Following the rainy conditions of Rally GB, drivers had to face the desert heat for Rally Australia and Mikkelsen held his ground from the start but it wasn't without challenges.

Ogier struggled in the morning stages but bounced back

On the first day, the soft sand blanketing the roads hampered many of the first starters. As the rally continued, the sand was soon being swept away by the cars the ran first, leaving a cleaner, faster line for those starting later in the day. While Mikkelsen was off to a good start, Sebastien Ogier was lagging behind in eighth by the end of SS1. The morning stages also saw Jari-Mari Latvala breaking his suspension following a hard landing. Hyundai's Haydon Paddon meanwhile gambled on tire choice and paid off to net him the second fastest time in the morning.

By the afternoon, Ogier had begun to bounce back as other drivers struggled on loose gravel. Thierry Neuville was catching up to Paddon but struggled for grip as the day progressed. After a strong run in the morning, Paddon would also have a hard time battling the conditions in the afternoon. Mads Otsberg would later stall his car at the start of SS5. The setbacks allowed Ogier to jump to second by the end of day 1, 15.4 seconds behind Mikkelsen. Despite keeping the lead, Mikkelsen almost crashed out due to a water bottle getting stuck behind the brake pedal.

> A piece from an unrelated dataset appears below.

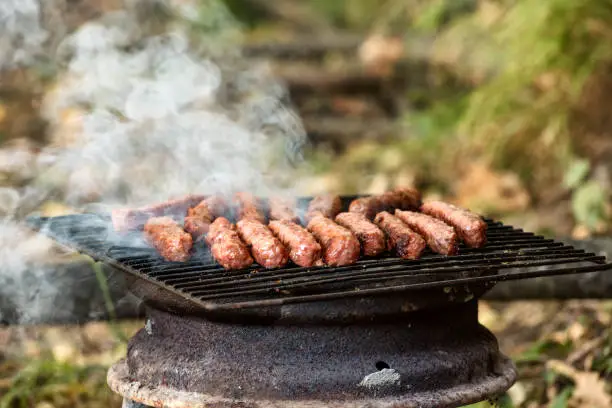 Photo of Balkan cuisine Pork Cevapi on the grill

Paddon mounted an early charge but made a mistake on the last day

Day 2 of the rally and it was Mikkelsen continuing his defense for the lead. Paddon meanwhile was mounting a challenge for second place by setting quick times in the morning stages. Ogier on the other hand was off to a slow start yet again and was struggling with tires. He was relegated to third following Padden's strong performance by noon. The high head and loose surfaces meant tire wear was becoming a factor in the rally. Ott Tanak would side down the order while Dani Sordo overshot a corner.

Ogier and Paddon would carry their fight for second in the afternoon. The two kept exchanging fast stage and sector times but it would be Ogier who pulled through by the end of the day. Mikkelsen would have yet another issue, this time with the clutch. Later in the day, Mikkelsen cut a corner too early and ended up bending the pedal assembly. He was forced to run several stages with the clutch pedal partially pressing down on the brake pedal. His crew later repaired the car but his buffer for the lead was reduced to 9.2 seconds.

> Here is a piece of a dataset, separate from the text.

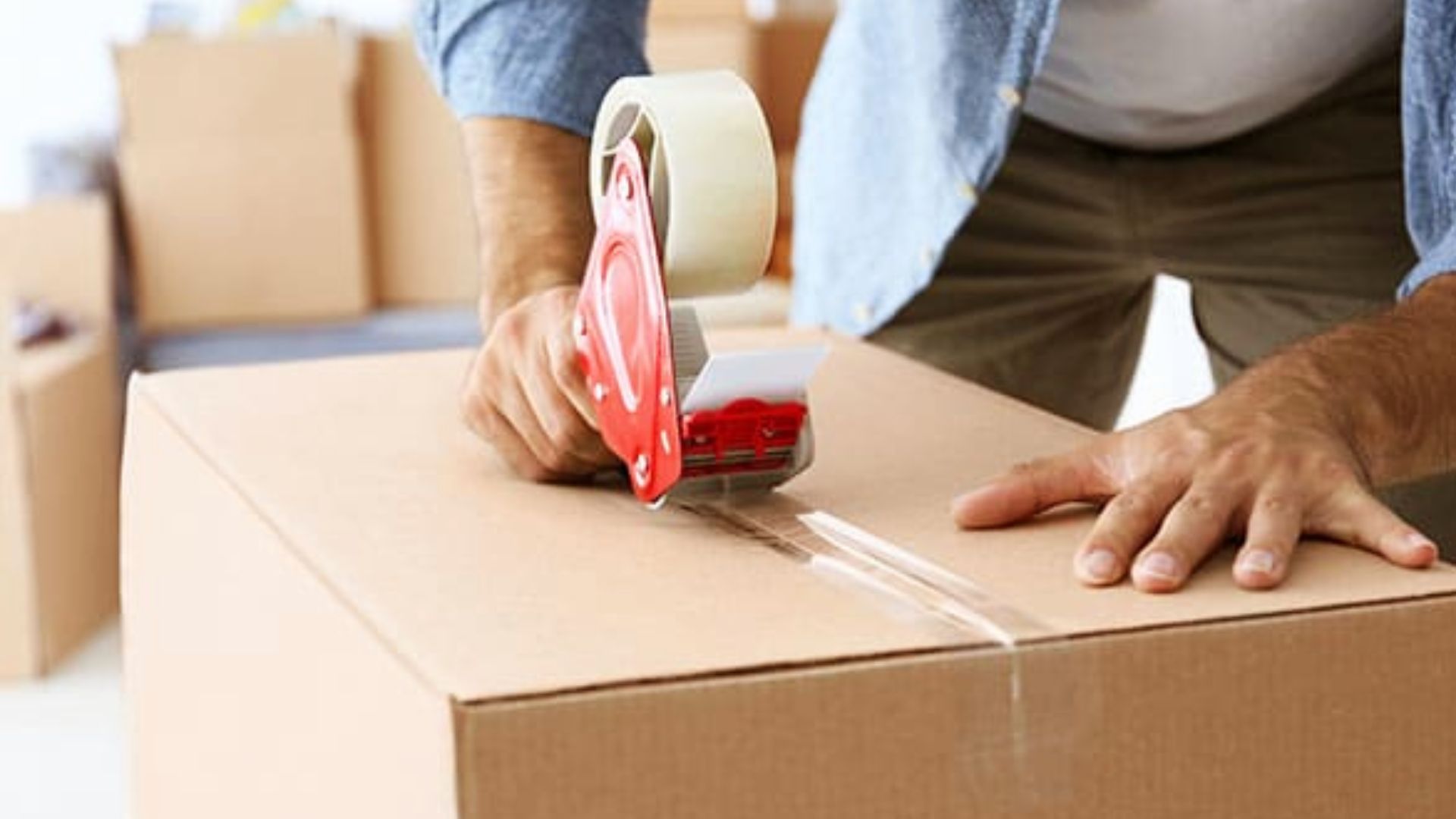  Same cardboard box being sealed on top using H-tape method in consistent moving packing setup.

Mikkelsen caps off VW's WRC success with win in Australia

With a repaired pedal box, Mikkelsen set off on the third day hoping to extend his slim lead from team mate Ogier. Paddon would again pile on pressure on Ogier, running neck and neck with the champion all morning. Ogier later switched to soft tires and was able to bump Paddon down to third. Mikkelsen meanwhile had a clean run and gained a wider margin over Ogier. Ogier carrier the momentum from the morning stages by setting the fastest stage times and cutting Mikkelsen's lead down yet again as the latter's car began to lose grip over the hot and tire-eating sand.

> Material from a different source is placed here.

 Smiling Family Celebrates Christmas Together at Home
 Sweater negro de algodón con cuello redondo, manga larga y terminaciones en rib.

Mikkelsen was able to breathe a sigh of relief after Ogier spun out, extending his lead further. Paddon meanwhile slid wide into an embankment and lost his chances to catch up to Ogier. The mistake was costly for Paddon and was now down in fifth place. This allowed Neuville and Sordo to move to third and fourth respectively. Paddon later recovered to get past Sordo for fourth.

Mikkelsen was able to avoid trouble and won the rally by 14.9 seconds ahead of Ogier. Neuville's third place finish was enough for him to secure second in the overall standings. Paddon and Sordo round up the top five.